Does this look like enough ventilation? It has about 40 1/4" airholes. 

My A. reversum was NOT happy happy about being rehoused, she's exploring as I post though. The top layer of the sub is dry, but she's staying strictly to the walls, so maybe it's still too damp for her liking. If she doesn't come down after a day I'll put her back in her old tank and let this one dry out more.


----------



## pyro fiend (May 6, 2015)

Cavedweller said:


> First tank completed!
> 
> 
> 
> ...


It looks good tho i would let her stay they take weeks to adjust sometimes id leave her be the rehouse was for her good not yours xp

Reactions: Like 1


----------



## Cavedweller (May 6, 2015)

I wonder if she's so unhappy about the new tank because I'm trying a new sub? This is the first time I've used a topsoil/peat/cocofiber mix instead of just straight cocofiber.


----------



## pyro fiend (May 6, 2015)

Shell get over it lol again just my $0.02

Reactions: Like 1


----------



## Cavedweller (May 7, 2015)

I sent somebody step by step instructions on how to build one of these. Should I take some photos next time I make one and write up a little how-to?


----------



## viper69 (May 8, 2015)

I'd write and upload pics Cave, it looks quite nice!

Reactions: Like 1


----------



## DETHCHEEZ (May 9, 2015)

Cool...

Kind of happy I ran across this post
'Cause I've been debating between having a plexiglass / acrylic enclosures made like the vertical ones you see for arboreal Ts
But a horizontal one with the door on top
Or
Trying to do something like this with a med KK for my pede

Mind me asking about how much it cost you for supplies (piece of acrylic hinges glue etc...)

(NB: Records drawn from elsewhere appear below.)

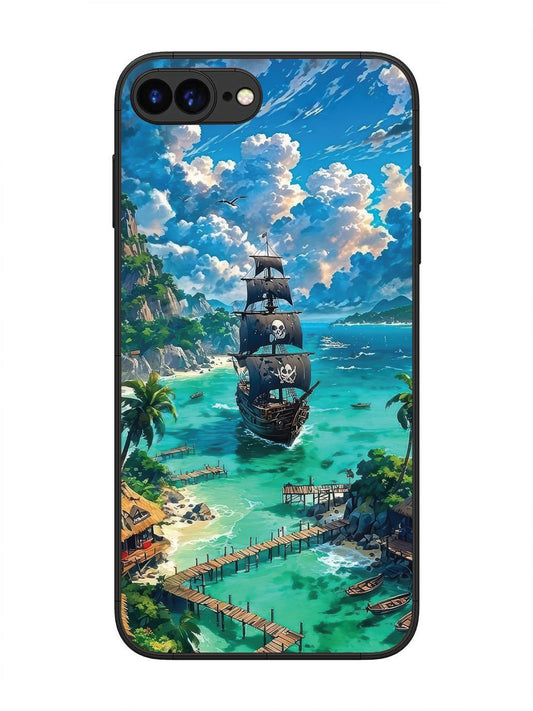 iPhone 7 Plus Pirate Ship Island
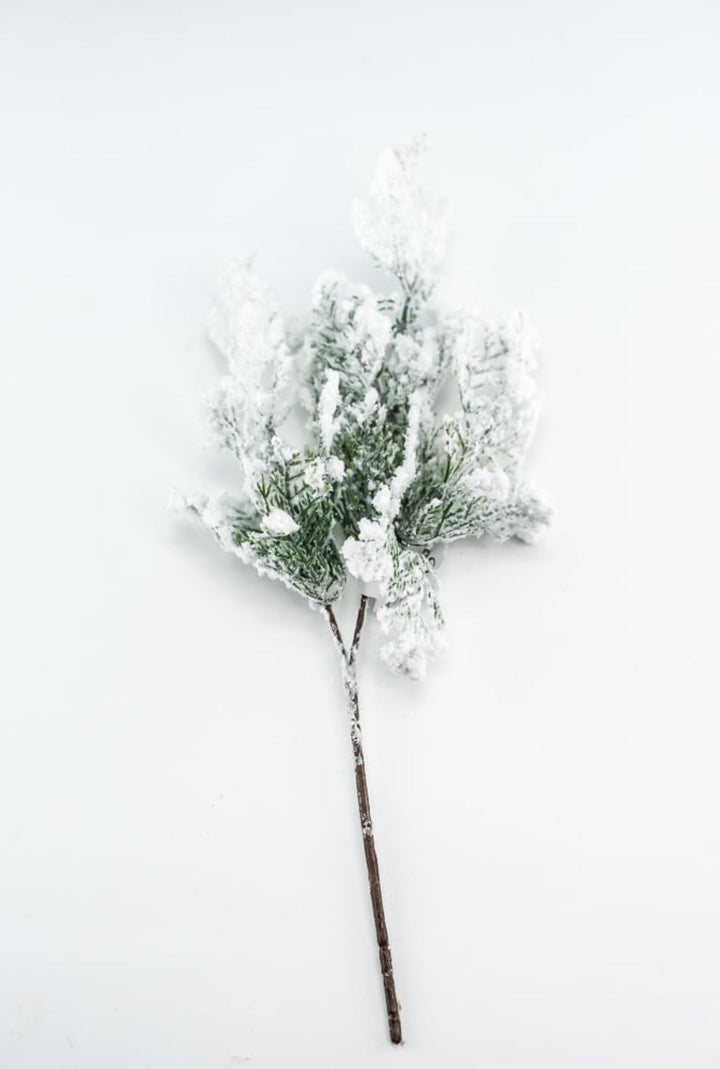 Winter cedar pick with snow - Greenery Marketartificial greeneryX1760 - W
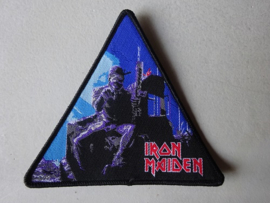 IRON MAIDEN - 2 MINUTES TO MIDNIGHT ( BLACK BORDER )WOVEN, NUMBERED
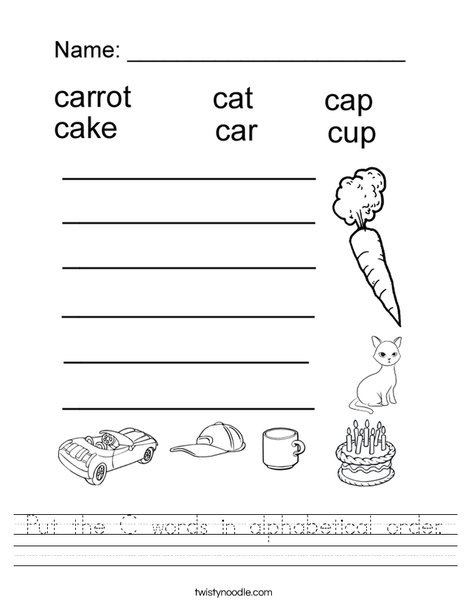 put these words in alphabetical order worksheets best of alphabet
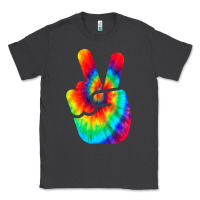 Smoke cool peace hand tie dye t shirt for boys and girls Classic Tee - artisFamous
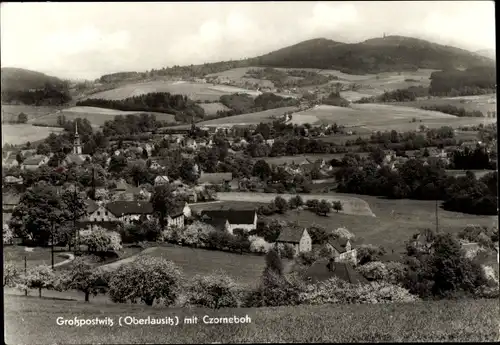 Ak Großpostwitz in Sachsen, Czorneboh, Panorama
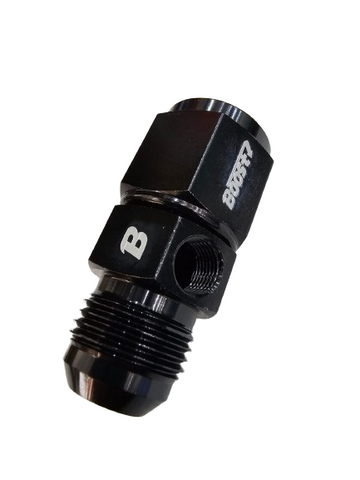 BJ 15680-BOOST Fuel Pressure Fitting 10AN Male to Female with 1/8 NPT Gauge Port Hose Adapter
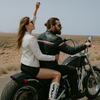 Marla Armored Women's White Motorcycle Leather Jacket
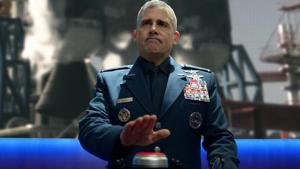 Space Force review: Steve Carell in a still from the new Netflix show.(Netflix) Space Force review: Steve Carell in a still from the new Netflix show.(Netflix)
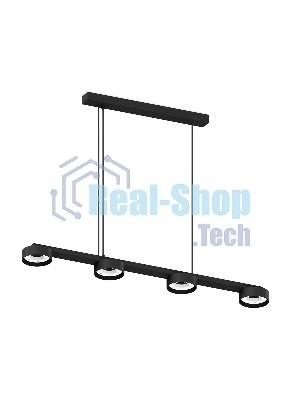 Корпус светильника C9152/4 SBK черный песок 805*85*800mm GX53/4
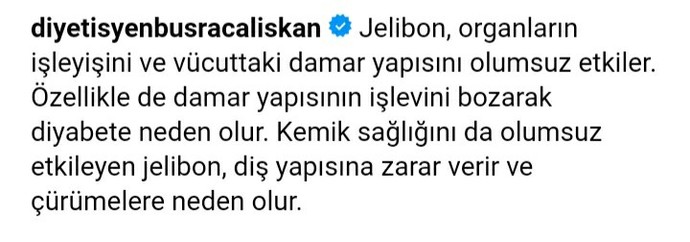 Jelibon tüketiyormusunuz?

Looks nice & hope you spider ends up enjoying it

Reactions: Like 1


----------



## Cavedweller (May 10, 2015)

I think the whole sheet of plexiglass was like $27, i got 4 medium lids and 2 large ones out of it. The bottle of SciGrip was $8 (I have tons leftover), I got a 12 pack of hinges for $6, I think the 6 pack of hasps was $9. I already had the power drill and sandpaper lying around, I picked up some black oxide bits for a few dollars. So enough supplies for 6 enclosures will run you about 50 bucks not counting tools or the KKs themselves (or shipping costs).

The way Mello and I built them can be used horizontal or vertical, it just depends on the placement of the airholes. 

Are you talking about a millipede or a centipede? I'm not sure I'd trust a centipede with this sort of lid to be honest. But I'm considering building some millipede tanks using this method, but with screened airholes like Mello's tanks.

Edit: Alright, I have one tank left to build, I'll take photos for a guide whenever I get around to making it.


----------



## DETHCHEEZ (May 12, 2015)

Thanks For The Reply...

Looking to get / build one for a Centipede




Cavedweller said:


> I think the whole sheet of plexiglass was like $27, i got 4 medium lids and 2 large ones out of it. The bottle of SciGrip was $8 (I have tons leftover), I got a 12 pack of hinges for $6, I think the 6 pack of hasps was $9. I already had the power drill and sandpaper lying around, I picked up some black oxide bits for a few dollars. So enough supplies for 6 enclosures will run you about 50 bucks not counting tools or the KKs themselves (or shipping costs).
> 
> The way Mello and I built them can be used horizontal or vertical, it just depends on the placement of the airholes.
> 
> ...


----------



## Cavedweller (May 13, 2015)

DETHCHEEZ said:


> Thanks For The Reply...
> 
> Looking to get / build one for a Centipede


I've never kept centipedes, but if you wanted to put one in this sort of tank I'd put at least two latches on it just to make sure they can't squeeze out through the crack. Someone with actual experience will have to chime in on how well that would work.


----------



## Zymotic (May 13, 2015)

Awesome job, Cavedweller! It looks really professional. 

When you make another you should do a step-by-step guide so others can re-create this design with little error.

Reactions: Like 1


----------



## Cavedweller (May 14, 2015)

Zymotic said:


> Awesome job, Cavedweller! It looks really professional.
> 
> When you make another you should do a step-by-step guide so others can re-create this design with little error.


Thanks! I assure you they're not nearly as professional looking in person though, hahaha. That's the plan. Assuming nothing comes up, I'll start working on the last tank and take photos tonight. 

Should I make a separate thread for the guide?


----------